News Release

Chemical pollution and human sewage could be killing corals

Peer-Reviewed Publication

University of Illinois at Urbana-Champaign, News Bureau

BOSTON — You can forget global warming as the sole culprit. A combination of human sewage and shipyard discharge may be responsible for the development and spread of deadly black band disease in corals, researchers at the University of Illinois say.

“Black band disease is characterized by a ring-shaped bacterial mat that migrates across a coral colony, leaving dead tissue in its wake,” said UI geologist Bruce Fouke. “Like a tropical rainforest, a coral reef system is a cradle of biodiversity. If we destroy the reefs, we destroy the ocean’s ability to reproduce.”

To better understand the disease, Fouke and his colleagues, UI microbiologist Abigail Salyers and postdoctoral researchers George Bonheyo and Jorge Frias-Lopez, studied corals off the island of Curacao in the Netherlands Antilles, near the Venezuelan coast. First, the researchers mapped outbreaks of the disease along the reef. Then they looked for metals such as aluminum, cadmium and zinc that are common pollutants from shipyards and oil refineries.

“The highest number of infected corals, as well as the highest concentration of dissolved metals, occurred near the city of St. Annabaai, which has a major harbor and one of the largest oil refineries in the Caribbean,” Fouke said. “This suggests that diseased coral may be experiencing increased environmental stress due to pollution, which in turn decreases the coral’s resistance to bacterial infection.” Healthy corals contain a natural population of bacteria within a mucous-rich biofilm that provides protection from light, exposure and sedimentation, Fouke said. “Environmental stresses cause corals to secrete more of this mucous to coat their outer tissues. This leads to elevated levels of natural microbial populations, as well as the introduction of new, potentially harmful bacterial populations.”

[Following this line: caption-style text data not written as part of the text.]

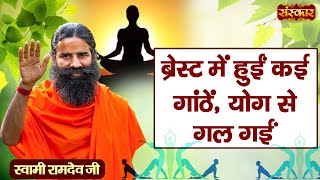 ब्रेस्ट में हुईं कई गाठें योग से गल गईं  Lumps Treatment  Yoga and Ayurveda  Swami Ramdev Ji [upl. by Eitsirhc365]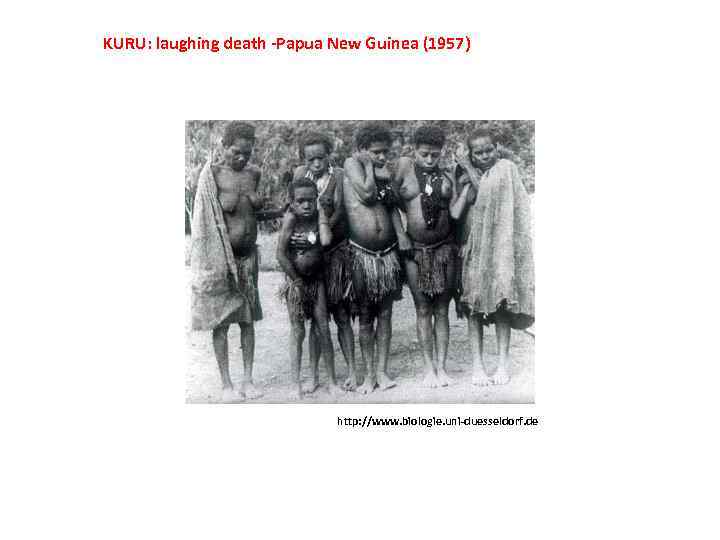 KURU: laughing death -Papua New Guinea (1957) http: //www. biologie. uni-duesseldorf. de 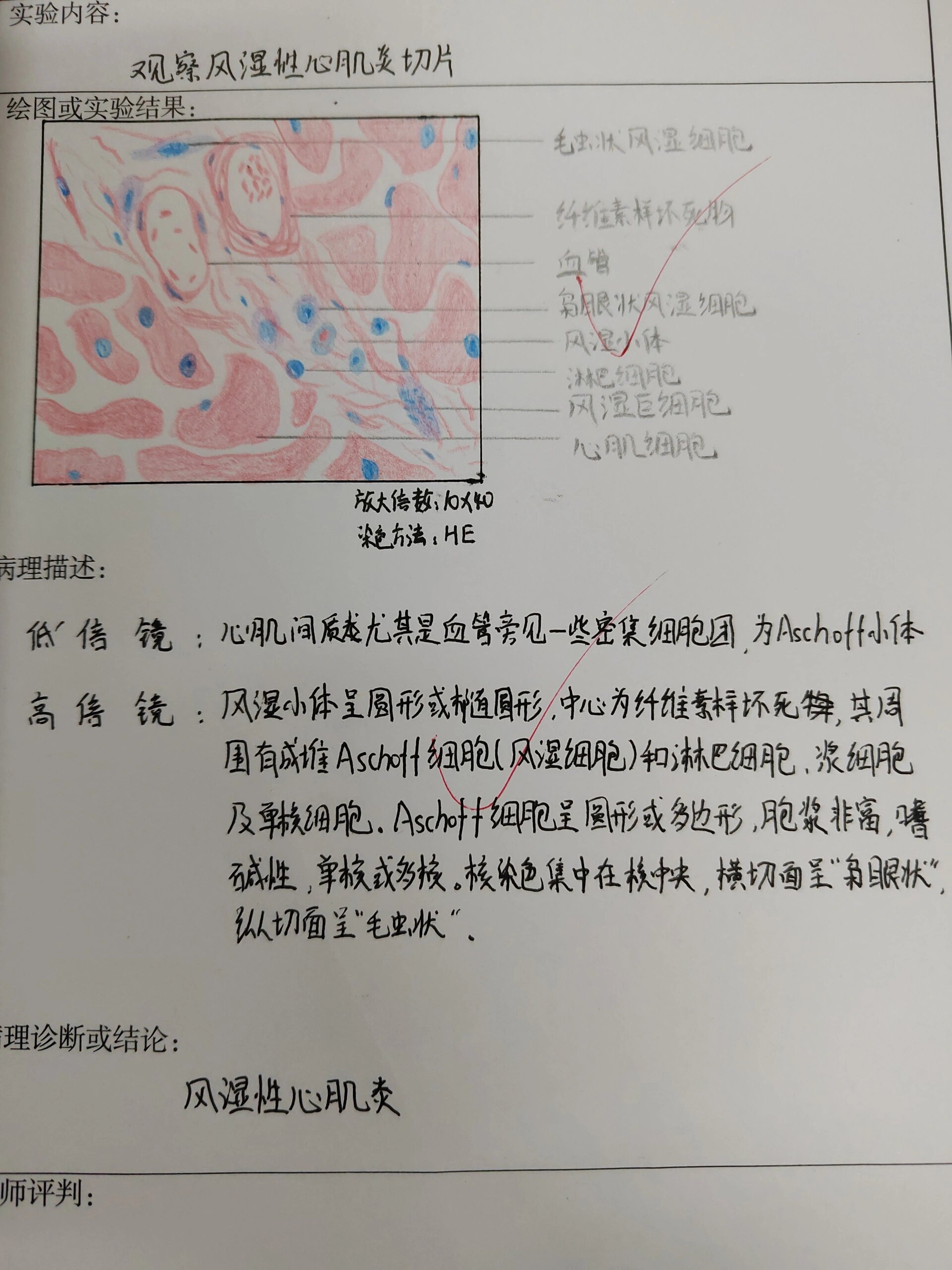 风湿性心肌炎病理图片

To identify the microbes inhabiting the black band biomat, the researchers extracted the microbes’ DNA, amplified and sequenced it. They found several organisms, including Arcobacter and Campylobacter, which are human pathogens and could be a direct link to raw sewage. Also present in the biomat was a ropy network of cyanobacteria, a unique group of photosynthetic bacteria that cannot live without light. In field experiments, the researchers used shields to block light from infected corals. Black band disease disappeared from the regions that were not exposed to light.

“This indicates that cyanobacteria are an important part of the disease development, but may not be the pathogen,” Fouke said. “Perhaps the cyanobacteria form an apartment complex, allowing a variety of destructive anaerobic bacteria to take up residence in the low-oxygen microenvironment.”

Many more tests are needed to identify what is killing the coral, Fouke said. “But, the present trilogy of disease distribution, high metal concentrations and presence of human pathogens creates a signpost, at least, that human pollution is playing a role.”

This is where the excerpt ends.